[Data records]
□ □ □ □ □ □ □

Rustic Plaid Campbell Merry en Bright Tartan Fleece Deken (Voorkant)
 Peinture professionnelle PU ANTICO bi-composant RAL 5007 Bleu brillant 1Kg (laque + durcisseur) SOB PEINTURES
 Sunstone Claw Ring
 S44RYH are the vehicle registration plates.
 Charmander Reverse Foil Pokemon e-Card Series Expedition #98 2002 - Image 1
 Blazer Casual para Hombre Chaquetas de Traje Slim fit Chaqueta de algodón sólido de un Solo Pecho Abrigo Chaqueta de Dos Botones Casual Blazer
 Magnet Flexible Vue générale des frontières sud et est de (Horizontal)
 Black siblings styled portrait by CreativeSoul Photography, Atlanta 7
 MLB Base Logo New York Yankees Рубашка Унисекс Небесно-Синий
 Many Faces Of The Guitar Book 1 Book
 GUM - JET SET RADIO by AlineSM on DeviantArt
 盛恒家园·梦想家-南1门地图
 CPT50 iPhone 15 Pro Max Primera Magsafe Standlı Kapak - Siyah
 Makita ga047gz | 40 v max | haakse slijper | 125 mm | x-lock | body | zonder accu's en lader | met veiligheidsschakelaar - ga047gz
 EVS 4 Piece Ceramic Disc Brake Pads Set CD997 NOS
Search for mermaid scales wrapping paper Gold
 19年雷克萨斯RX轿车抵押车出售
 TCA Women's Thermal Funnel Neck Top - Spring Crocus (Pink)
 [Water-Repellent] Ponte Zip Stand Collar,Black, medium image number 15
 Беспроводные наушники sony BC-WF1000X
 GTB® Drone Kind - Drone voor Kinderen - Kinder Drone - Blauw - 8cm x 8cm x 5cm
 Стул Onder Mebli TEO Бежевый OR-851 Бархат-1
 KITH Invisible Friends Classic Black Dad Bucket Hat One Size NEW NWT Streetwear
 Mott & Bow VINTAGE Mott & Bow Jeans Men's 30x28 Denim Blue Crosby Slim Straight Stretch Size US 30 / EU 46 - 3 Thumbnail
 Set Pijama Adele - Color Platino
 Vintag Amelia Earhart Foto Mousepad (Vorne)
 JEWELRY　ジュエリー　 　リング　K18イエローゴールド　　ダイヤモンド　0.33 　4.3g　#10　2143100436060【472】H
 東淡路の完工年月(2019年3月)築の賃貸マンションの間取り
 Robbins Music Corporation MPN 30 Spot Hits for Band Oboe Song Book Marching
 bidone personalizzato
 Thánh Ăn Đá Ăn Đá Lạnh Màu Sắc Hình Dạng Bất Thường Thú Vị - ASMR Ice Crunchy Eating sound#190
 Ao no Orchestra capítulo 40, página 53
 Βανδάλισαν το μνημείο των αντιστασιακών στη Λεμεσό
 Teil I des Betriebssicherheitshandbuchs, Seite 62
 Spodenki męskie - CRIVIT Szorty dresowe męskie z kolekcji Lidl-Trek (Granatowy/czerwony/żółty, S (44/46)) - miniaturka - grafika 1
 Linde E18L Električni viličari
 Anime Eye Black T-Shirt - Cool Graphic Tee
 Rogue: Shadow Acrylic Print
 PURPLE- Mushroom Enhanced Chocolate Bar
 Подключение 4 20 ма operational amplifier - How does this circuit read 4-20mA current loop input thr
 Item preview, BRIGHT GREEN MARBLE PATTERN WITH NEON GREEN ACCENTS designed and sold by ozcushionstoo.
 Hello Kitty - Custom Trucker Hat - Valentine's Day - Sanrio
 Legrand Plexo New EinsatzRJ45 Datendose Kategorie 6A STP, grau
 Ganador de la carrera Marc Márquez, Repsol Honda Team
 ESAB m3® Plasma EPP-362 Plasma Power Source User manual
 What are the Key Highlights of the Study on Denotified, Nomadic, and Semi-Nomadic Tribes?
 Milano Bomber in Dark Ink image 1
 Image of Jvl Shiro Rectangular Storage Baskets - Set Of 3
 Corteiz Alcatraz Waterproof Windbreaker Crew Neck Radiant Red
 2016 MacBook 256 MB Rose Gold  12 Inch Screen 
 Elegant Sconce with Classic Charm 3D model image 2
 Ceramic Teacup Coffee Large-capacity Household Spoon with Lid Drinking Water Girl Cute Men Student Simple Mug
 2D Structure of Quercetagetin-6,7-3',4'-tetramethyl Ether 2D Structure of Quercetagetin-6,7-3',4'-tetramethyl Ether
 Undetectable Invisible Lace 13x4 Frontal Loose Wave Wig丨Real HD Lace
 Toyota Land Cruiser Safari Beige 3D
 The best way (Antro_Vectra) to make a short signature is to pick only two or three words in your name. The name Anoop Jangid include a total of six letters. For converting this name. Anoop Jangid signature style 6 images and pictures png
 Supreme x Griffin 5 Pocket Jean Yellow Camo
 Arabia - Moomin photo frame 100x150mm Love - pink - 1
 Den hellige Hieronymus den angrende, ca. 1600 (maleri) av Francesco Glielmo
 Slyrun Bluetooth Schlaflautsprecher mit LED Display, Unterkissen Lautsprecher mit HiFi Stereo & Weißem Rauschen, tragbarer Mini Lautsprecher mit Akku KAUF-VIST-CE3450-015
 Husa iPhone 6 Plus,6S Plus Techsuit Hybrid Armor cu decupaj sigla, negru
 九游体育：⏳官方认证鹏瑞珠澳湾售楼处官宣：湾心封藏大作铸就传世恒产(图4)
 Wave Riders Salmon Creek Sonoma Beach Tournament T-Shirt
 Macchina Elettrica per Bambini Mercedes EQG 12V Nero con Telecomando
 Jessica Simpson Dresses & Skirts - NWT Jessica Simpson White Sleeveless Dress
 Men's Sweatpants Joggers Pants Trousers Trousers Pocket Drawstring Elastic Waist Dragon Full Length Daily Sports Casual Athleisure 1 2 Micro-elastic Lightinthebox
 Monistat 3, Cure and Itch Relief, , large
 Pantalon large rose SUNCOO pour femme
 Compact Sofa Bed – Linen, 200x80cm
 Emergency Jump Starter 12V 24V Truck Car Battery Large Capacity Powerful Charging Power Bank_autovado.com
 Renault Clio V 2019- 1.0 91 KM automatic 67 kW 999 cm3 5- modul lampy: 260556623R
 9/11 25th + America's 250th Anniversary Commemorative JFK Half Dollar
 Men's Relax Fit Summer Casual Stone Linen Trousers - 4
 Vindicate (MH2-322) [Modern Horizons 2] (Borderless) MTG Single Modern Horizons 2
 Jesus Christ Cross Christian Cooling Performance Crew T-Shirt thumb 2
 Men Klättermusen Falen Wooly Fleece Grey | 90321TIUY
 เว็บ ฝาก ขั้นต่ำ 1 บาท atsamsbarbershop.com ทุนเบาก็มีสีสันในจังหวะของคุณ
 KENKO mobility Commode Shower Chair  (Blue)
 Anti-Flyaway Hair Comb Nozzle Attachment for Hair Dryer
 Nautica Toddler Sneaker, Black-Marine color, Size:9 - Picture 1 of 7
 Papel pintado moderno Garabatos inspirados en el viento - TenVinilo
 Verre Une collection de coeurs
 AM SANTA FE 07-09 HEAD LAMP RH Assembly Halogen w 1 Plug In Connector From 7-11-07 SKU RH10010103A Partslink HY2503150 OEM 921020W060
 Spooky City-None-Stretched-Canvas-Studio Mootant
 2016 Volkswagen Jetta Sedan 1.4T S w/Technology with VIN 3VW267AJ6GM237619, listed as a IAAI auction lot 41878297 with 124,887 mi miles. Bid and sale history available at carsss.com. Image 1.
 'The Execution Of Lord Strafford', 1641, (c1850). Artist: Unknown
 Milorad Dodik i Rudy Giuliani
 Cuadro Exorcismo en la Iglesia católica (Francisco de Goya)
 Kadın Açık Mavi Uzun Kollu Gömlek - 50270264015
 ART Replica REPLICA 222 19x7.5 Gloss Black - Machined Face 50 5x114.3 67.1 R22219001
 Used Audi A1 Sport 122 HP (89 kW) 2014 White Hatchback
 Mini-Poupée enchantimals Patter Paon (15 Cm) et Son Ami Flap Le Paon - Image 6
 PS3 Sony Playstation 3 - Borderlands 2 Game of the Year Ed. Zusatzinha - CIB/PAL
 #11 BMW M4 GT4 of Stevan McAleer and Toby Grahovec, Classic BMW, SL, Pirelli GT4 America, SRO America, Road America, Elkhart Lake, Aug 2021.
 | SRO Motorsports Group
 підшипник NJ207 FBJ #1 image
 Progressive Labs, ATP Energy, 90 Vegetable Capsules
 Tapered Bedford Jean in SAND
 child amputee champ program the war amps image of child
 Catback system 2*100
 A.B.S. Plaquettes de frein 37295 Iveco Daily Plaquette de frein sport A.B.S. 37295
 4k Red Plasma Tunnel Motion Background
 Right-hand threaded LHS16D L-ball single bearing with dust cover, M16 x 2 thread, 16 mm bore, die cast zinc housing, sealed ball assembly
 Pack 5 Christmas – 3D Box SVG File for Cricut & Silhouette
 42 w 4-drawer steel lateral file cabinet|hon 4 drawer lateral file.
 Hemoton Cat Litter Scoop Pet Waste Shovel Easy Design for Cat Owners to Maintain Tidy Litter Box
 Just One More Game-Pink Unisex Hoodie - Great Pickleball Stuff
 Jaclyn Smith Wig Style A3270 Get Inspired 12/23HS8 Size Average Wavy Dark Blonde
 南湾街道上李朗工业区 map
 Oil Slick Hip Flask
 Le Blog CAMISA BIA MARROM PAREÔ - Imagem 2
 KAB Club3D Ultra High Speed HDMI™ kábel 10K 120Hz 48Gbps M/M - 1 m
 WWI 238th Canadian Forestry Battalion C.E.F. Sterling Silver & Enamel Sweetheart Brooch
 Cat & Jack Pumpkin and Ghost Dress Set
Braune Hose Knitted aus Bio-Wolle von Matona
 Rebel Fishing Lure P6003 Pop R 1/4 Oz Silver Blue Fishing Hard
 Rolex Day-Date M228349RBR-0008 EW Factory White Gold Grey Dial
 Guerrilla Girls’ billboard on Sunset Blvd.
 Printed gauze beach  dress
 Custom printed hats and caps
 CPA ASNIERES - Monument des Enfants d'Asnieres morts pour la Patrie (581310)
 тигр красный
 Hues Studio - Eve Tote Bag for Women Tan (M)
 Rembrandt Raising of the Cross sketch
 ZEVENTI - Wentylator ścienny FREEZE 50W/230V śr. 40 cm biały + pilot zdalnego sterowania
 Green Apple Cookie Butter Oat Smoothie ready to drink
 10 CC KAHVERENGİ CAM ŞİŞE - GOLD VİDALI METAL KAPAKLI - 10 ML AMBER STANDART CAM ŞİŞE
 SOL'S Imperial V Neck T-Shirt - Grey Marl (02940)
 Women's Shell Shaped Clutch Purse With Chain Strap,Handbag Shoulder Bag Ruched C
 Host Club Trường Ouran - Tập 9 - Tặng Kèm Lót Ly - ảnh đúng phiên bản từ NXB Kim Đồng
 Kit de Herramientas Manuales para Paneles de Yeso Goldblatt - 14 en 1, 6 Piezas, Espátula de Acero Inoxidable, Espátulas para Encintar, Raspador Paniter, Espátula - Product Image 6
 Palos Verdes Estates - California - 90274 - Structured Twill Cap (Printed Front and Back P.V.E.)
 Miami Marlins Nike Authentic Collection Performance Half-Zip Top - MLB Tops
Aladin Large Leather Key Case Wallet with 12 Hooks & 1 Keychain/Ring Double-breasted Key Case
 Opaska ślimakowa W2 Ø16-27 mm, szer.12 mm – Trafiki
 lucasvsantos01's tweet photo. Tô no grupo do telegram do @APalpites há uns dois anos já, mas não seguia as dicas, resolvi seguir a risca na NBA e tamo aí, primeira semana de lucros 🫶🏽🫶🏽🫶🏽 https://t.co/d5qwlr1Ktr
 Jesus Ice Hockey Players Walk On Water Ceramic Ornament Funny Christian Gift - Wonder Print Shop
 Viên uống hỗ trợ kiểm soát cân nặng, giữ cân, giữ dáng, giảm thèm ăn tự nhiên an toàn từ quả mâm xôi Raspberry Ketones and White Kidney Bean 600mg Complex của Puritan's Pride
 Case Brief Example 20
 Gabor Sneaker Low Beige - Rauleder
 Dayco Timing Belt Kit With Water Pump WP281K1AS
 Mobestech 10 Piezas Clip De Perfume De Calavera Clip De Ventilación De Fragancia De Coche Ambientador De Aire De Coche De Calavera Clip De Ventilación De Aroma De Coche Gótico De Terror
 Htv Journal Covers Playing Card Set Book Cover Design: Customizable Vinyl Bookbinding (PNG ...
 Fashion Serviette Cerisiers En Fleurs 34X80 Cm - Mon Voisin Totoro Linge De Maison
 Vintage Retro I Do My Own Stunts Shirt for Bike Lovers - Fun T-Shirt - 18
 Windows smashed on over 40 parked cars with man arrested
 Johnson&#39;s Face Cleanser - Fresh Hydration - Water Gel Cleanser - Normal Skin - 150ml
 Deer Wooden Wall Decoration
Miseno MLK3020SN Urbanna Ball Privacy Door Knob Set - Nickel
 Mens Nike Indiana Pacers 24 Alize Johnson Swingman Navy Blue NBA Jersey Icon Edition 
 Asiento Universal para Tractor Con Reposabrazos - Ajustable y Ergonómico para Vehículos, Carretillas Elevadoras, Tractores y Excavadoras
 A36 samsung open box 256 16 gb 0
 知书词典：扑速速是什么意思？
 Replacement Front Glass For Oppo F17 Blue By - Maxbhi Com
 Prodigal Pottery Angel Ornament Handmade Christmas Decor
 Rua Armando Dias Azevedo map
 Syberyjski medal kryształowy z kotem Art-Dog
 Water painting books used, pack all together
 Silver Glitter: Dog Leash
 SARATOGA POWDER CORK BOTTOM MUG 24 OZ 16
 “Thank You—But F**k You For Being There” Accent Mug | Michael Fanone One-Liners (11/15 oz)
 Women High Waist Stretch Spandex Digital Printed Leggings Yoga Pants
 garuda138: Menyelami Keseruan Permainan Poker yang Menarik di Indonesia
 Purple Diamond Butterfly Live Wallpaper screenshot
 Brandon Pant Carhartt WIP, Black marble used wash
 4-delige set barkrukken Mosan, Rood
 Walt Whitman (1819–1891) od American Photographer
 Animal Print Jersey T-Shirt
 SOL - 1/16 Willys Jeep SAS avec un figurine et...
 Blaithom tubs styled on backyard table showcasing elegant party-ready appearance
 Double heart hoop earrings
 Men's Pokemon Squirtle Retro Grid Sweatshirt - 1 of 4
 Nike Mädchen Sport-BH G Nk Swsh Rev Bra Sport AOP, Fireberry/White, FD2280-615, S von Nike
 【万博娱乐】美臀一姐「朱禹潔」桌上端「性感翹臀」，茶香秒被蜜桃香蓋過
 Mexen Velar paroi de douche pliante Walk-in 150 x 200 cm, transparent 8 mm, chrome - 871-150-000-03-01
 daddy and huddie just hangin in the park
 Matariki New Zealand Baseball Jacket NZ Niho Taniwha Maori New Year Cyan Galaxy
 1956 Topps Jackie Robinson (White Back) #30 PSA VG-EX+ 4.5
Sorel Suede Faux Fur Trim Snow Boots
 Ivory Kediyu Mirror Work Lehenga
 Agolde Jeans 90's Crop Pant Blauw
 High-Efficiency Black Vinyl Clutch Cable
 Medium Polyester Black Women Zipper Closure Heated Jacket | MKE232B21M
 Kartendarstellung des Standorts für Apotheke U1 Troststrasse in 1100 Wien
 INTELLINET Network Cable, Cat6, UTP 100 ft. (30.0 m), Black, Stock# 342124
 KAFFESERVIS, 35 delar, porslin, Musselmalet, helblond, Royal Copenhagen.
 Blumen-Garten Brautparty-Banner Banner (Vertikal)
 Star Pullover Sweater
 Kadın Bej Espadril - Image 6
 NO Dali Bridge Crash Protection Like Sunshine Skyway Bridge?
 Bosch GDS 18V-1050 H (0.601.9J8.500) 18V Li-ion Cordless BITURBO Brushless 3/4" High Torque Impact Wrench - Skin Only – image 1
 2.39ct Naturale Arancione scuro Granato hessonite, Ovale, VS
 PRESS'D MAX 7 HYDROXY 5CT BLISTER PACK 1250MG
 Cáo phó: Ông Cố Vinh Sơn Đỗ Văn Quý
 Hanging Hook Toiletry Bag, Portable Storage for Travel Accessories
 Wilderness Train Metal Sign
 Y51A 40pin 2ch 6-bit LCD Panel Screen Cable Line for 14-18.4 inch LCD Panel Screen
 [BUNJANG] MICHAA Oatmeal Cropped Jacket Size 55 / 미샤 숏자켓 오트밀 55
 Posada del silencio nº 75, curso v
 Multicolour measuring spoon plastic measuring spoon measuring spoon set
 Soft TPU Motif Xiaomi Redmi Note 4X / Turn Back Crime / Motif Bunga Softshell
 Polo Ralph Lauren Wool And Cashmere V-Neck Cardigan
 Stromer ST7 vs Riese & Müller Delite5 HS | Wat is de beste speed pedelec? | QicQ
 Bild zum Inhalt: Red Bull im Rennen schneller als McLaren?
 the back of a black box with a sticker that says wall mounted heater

□ □ □ □ □ □ □

Task item => Once the line that contains "Hanging Hook Toiletry" is found, please give it again exactly, along with each line that comes after it, through the last line of the entries.

Result of this task =>
 Hanging Hook Toiletry Bag, Portable Storage for Travel Accessories
 Wilderness Train Metal Sign
 Y51A 40pin 2ch 6-bit LCD Panel Screen Cable Line for 14-18.4 inch LCD Panel Screen
 [BUNJANG] MICHAA Oatmeal Cropped Jacket Size 55 / 미샤 숏자켓 오트밀 55
 Posada del silencio nº 75, curso v
 Multicolour measuring spoon plastic measuring spoon measuring spoon set
 Soft TPU Motif Xiaomi Redmi Note 4X / Turn Back Crime / Motif Bunga Softshell
 Polo Ralph Lauren Wool And Cashmere V-Neck Cardigan
 Stromer ST7 vs Riese & Müller Delite5 HS | Wat is de beste speed pedelec? | QicQ
 Bild zum Inhalt: Red Bull im Rennen schneller als McLaren?
 the back of a black box with a sticker that says wall mounted heater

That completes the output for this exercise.